+++ SUPPLIED DATA

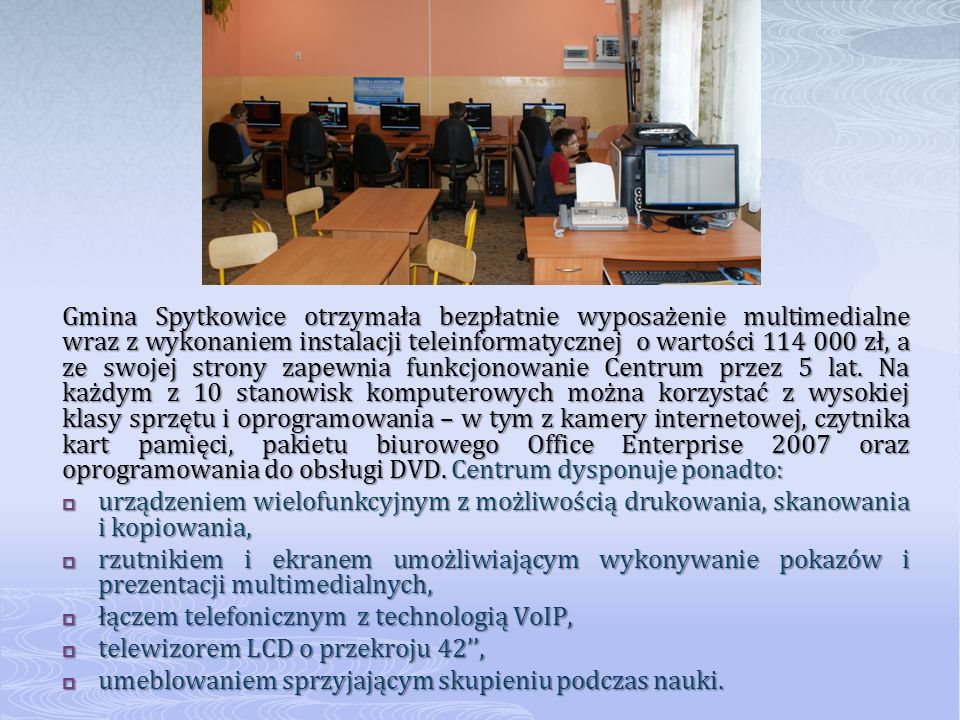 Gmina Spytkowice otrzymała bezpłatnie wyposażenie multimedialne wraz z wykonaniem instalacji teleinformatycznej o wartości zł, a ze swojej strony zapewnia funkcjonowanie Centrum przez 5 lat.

++++++
+++ SUPPLIED DATA

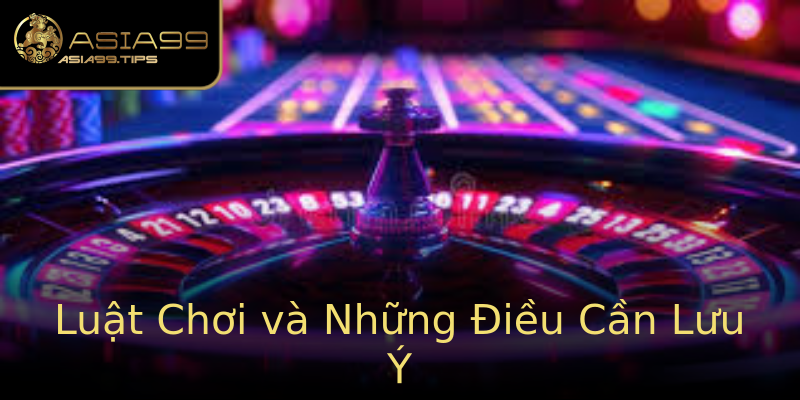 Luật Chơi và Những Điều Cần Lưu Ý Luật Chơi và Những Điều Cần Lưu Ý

++++++
+++ SUPPLIED DATA

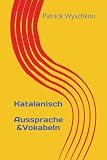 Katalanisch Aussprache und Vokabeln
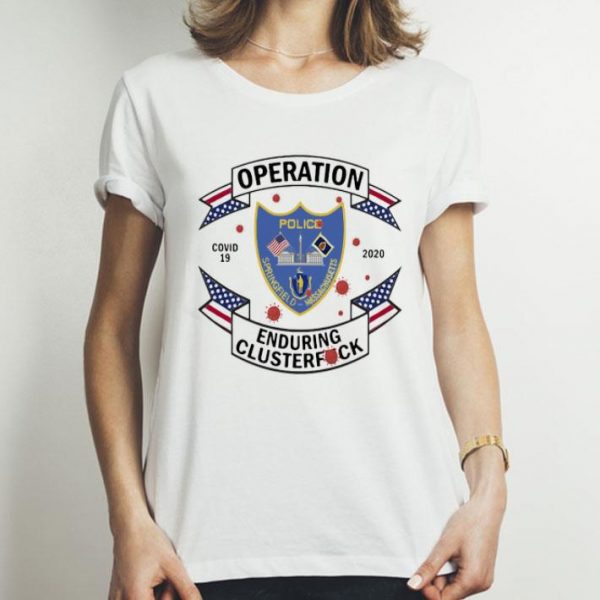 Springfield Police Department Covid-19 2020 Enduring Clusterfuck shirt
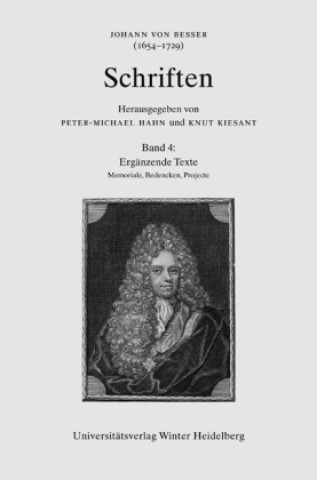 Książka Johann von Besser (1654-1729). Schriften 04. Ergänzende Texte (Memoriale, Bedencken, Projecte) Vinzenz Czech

++++++

Once the line with "Springfield Police Department" is found above, print it and every line after it through the line with "Książka Johann von", exactly. Pictures stay out.

*THE COMPLETED TASK*.
 Springfield Police Department Covid-19 2020 Enduring Clusterfuck shirt
 Książka Johann von Besser (1654-1729). Schriften 04. Ergänzende Texte (Memoriale, Bedencken, Projecte) Vinzenz Czech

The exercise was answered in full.